In re Grundstein

Decision Date13 November 2020
Docket NumberNo. 2020-122,2020-122
Citation2020 VT 102
CourtVermont Supreme Court
PartiesIn re Robert Grundstein

NOTICE: This opinion is subject to motions for reargument under V.R.A.P. 40 as well as formal revision before publication in the Vermont Reports. Readers are requested to notify the Reporter of Decisions by email at: JUD.Reporter@vermont.gov or by mail at: Vermont Supreme Court, 109 State Street, Montpelier, Vermont 05609-0801, of any errors in order that corrections may be made before this opinion goes to press.

Original Jurisdiction

Board of Bar Examiners

Keith J. Kasper, Chair

Robert Grundstein, Pro Se, Morrisville, Petitioner-Appellant.

Thomas J. Donovan, Jr., Attorney General, Montpelier, and Andrew R. Strauss, Licensing Counsel/Special Assistant Attorney General, Burlington for Respondent-Appellee.

PRESENT: Reiber, C.J., Robinson, Eaton, Carroll and Cohen, JJ.

¶ 1. EATON, J. Robert Grundstein appeals from the Board of Bar Examiners' determination that he failed to establish his eligibility for admission to the Vermont bar in connection with his 2019 application for admission by examination. He argues that, for numerous reasons, the Board erred in evaluating his application pursuant to the Rules of Admission to the Bar of the Vermont Supreme Court in effect at the time his application was submitted. We conclude that the Board correctly applied the Rules and affirm.

¶ 2. The relevant factual and procedural history is as follows. Applicant graduated from law school in 1985. In February 2016, he achieved a passing score on the Vermont bar examination on his third attempt.
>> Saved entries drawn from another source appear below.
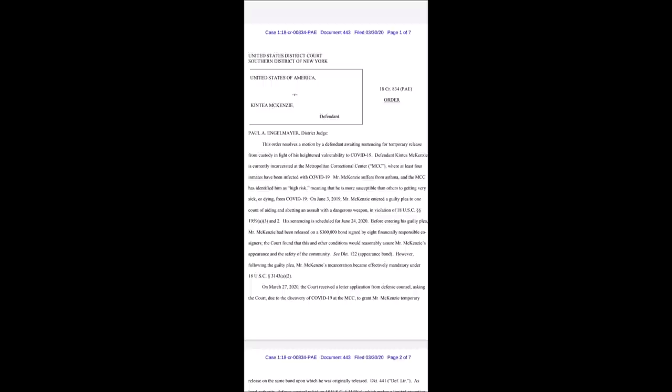Mr. McKenzie suffers from asthma and the MCC has identified him as high risk, meaning that he is more susceptible than others to getting very sick or dying from COVID-19. On June 3rd, 2019, Mr. McKenzie entered a guilty plea to one count of aiding and abetting an assault with a dangerous weapon. His sentencing is scheduled for June 24th, 2020.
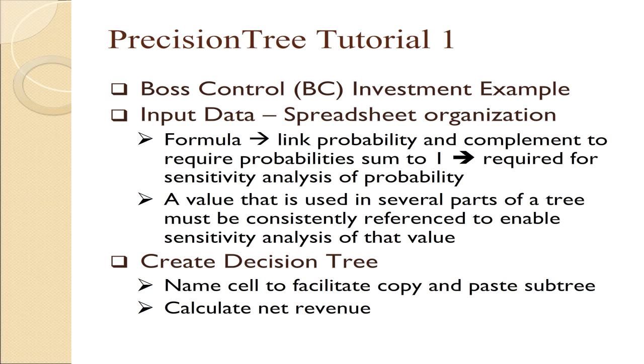This is a PrecisionTree tutorial, which is an Excel add-on that allows you to build a decision tree into an Excel file. We will use the Boss Control investment example described on the next slide. The starting point will be to lay out the input data, and the more experience you have with Excel, the better, because it's important to understand the concepts of copy and paste and how to write formulas.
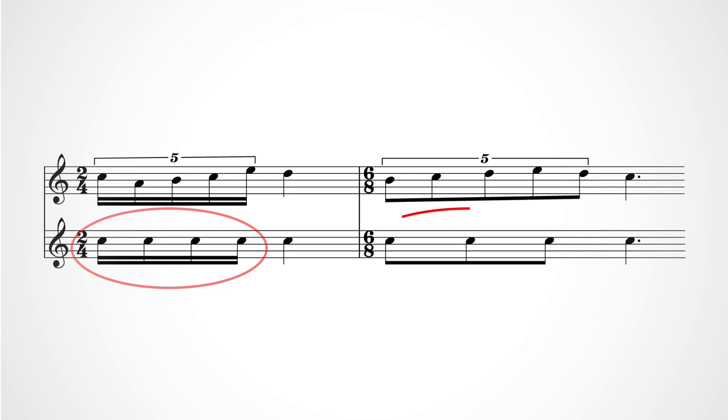But in 6-8, it takes up three quavers and has a quaver beam. In both cases, the quintuplet fills up one big beat within its time signature.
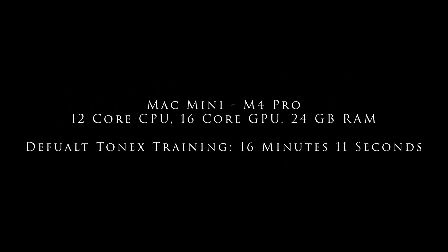I then moved over to my new Mac Mini M4 Pro based system, which was an M4 Pro 12 core CPU, 16 core GPU, and 24 gigabytes of RAM. And the default training time on that system was 16 minutes and 11 seconds. So both of the newer M4 Pro based Mac systems did substantially worse than both the M2 Pro and the M3 Pro systems, which was quite surprising.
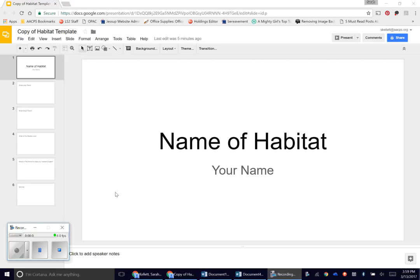Hello, I'm here to give you directions on how to edit your habitat research project. I've opened up my copy of the template and I want to show you how to input some of your research.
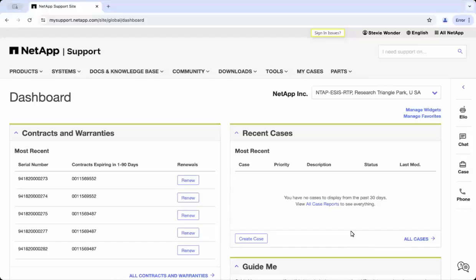Hello and welcome to NetApp KB TV. In this video we will show you how to access NetApp Lab on Demand. If you are looking to get hands-on experience with the latest NetApp technologies, you are in the right place.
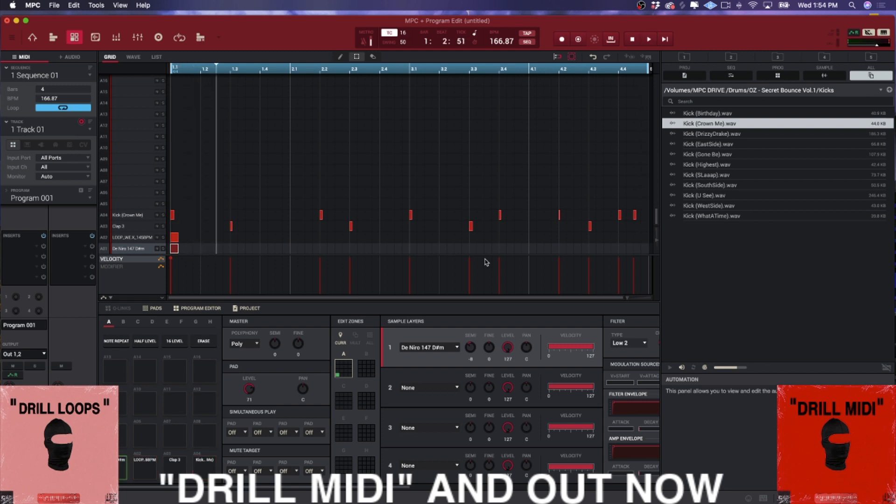So yeah, so huge difference, man. So this is CMP with Craft Master Productions, and this has been working with loops in the MPC. You guys keep it simple, but don't be basic and we'll see you on the next one, fam.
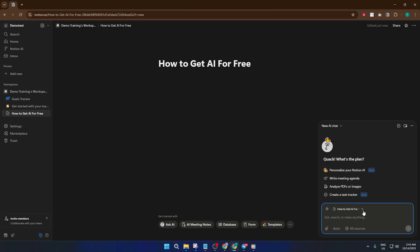Once you've clicked, a chat interface pops up, and this is where the magic happens. You can ask the AI anything you want, from summarizing a bunch of text, generating ideas for your next project, or even getting help writing emails. Just type your question or prompt, hit enter, and let the AI work. Don't worry if it takes a few seconds — sometimes it needs a moment to process more complex requests.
However, applicant was not admitted to the bar at that time because the Character and Fitness Committee concluded that he failed to meet his burden of demonstrating a good moral character, a determination we upheld on appeal. In re Grundstein, 2018 VT 10, ¶¶ 1, 47, 206 Vt. 575, 183 A.3d 574. As a result, the rules precluded applicant from reapplying for admission during the two following years. See id. ¶ 48; V.R.A.B. 19 (providing that applicant "denied a certification of Good Moral Character and Fitness is not eligible to apply for admission to the Bar for a period of 2 years after the denial"). In response to an inquiry from applicant, Licensing Counsel took the position that this time period began to run on the date we affirmed the Committee's recommendation in Grundstein.

¶ 3. The February 2016 examination applicant sat for was the last administration prior to this Court's adoption of the Uniform Bar Examination (UBE), which was given in Vermont for the first time in July 2016. Subsequent to the adoption of the UBE, the rules provided that a bar applicant could demonstrate Minimum Professional Competence in one of three ways: by attaining a score of 270 or higher on the UBE administered in Vermont provided the exam was taken within five years of law school graduation, see V.R.A.B. 9(b)(1), (3); by transferring a score of 270 or higher on the UBE administered in another jurisdiction, see V.R.A.B. 13(b); or upon a showing that the applicant is licensed in another jurisdiction, has been actively engaged in the practice of law for at least five of the preceding ten years, and has not received a score of less than 270 on the UBE in any jurisdiction within the last five years, see V.R.A.B. 14, 15. In July of 2018, applicant took the UBE in Washington, D.C., and received a score of 266. He was not admitted to the bar of that jurisdiction.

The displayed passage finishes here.